## DATA TO EXAMINE
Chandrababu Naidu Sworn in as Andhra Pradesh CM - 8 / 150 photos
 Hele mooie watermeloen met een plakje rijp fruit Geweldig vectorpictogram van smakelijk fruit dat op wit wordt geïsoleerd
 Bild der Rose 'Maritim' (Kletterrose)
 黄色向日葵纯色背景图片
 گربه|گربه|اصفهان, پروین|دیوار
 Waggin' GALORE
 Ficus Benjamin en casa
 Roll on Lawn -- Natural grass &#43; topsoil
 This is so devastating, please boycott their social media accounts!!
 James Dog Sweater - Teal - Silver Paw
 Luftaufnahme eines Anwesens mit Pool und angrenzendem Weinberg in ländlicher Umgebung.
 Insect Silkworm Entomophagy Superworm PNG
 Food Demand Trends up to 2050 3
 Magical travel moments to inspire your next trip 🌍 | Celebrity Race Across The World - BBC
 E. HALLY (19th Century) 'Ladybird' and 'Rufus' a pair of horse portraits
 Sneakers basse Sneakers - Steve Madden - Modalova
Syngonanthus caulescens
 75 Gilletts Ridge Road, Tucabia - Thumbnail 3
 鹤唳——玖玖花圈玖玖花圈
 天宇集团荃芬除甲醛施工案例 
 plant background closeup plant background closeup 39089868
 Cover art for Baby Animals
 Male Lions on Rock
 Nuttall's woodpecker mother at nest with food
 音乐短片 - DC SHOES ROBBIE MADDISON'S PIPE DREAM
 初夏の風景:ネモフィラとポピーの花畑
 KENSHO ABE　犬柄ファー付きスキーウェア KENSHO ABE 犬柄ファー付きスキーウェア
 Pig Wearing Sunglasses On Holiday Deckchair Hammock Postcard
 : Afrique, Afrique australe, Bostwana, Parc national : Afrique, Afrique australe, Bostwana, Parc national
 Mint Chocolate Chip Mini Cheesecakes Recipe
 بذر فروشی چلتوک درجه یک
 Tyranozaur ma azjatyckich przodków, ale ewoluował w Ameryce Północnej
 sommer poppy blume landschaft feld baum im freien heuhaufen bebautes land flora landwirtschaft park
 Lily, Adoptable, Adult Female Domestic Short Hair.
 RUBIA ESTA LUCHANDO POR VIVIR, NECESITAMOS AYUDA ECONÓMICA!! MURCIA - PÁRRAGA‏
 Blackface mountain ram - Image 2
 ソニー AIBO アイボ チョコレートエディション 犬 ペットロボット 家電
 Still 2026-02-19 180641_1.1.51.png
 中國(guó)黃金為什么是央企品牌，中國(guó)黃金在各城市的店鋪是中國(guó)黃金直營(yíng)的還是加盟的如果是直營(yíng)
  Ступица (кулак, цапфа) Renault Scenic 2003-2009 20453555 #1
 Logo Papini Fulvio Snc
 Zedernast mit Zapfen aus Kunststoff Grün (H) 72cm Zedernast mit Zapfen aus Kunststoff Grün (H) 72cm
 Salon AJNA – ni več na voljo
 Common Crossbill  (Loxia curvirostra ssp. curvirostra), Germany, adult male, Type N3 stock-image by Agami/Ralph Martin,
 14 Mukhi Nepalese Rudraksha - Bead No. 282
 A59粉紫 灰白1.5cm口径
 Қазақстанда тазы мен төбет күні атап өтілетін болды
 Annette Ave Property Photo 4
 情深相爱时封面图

## TASK GOAL
Output only the lines from the top of the entries through the one holding "Luftaufnahme eines Anwesens", copied exactly.

## EXPECTED OUTPUT
Chandrababu Naidu Sworn in as Andhra Pradesh CM - 8 / 150 photos
 Hele mooie watermeloen met een plakje rijp fruit Geweldig vectorpictogram van smakelijk fruit dat op wit wordt geïsoleerd
 Bild der Rose 'Maritim' (Kletterrose)
 黄色向日葵纯色背景图片
 گربه|گربه|اصفهان, پروین|دیوار
 Waggin' GALORE
 Ficus Benjamin en casa
 Roll on Lawn -- Natural grass &#43; topsoil
 This is so devastating, please boycott their social media accounts!!
 James Dog Sweater - Teal - Silver Paw
 Luftaufnahme eines Anwesens mit Pool und angrenzendem Weinberg in ländlicher Umgebung.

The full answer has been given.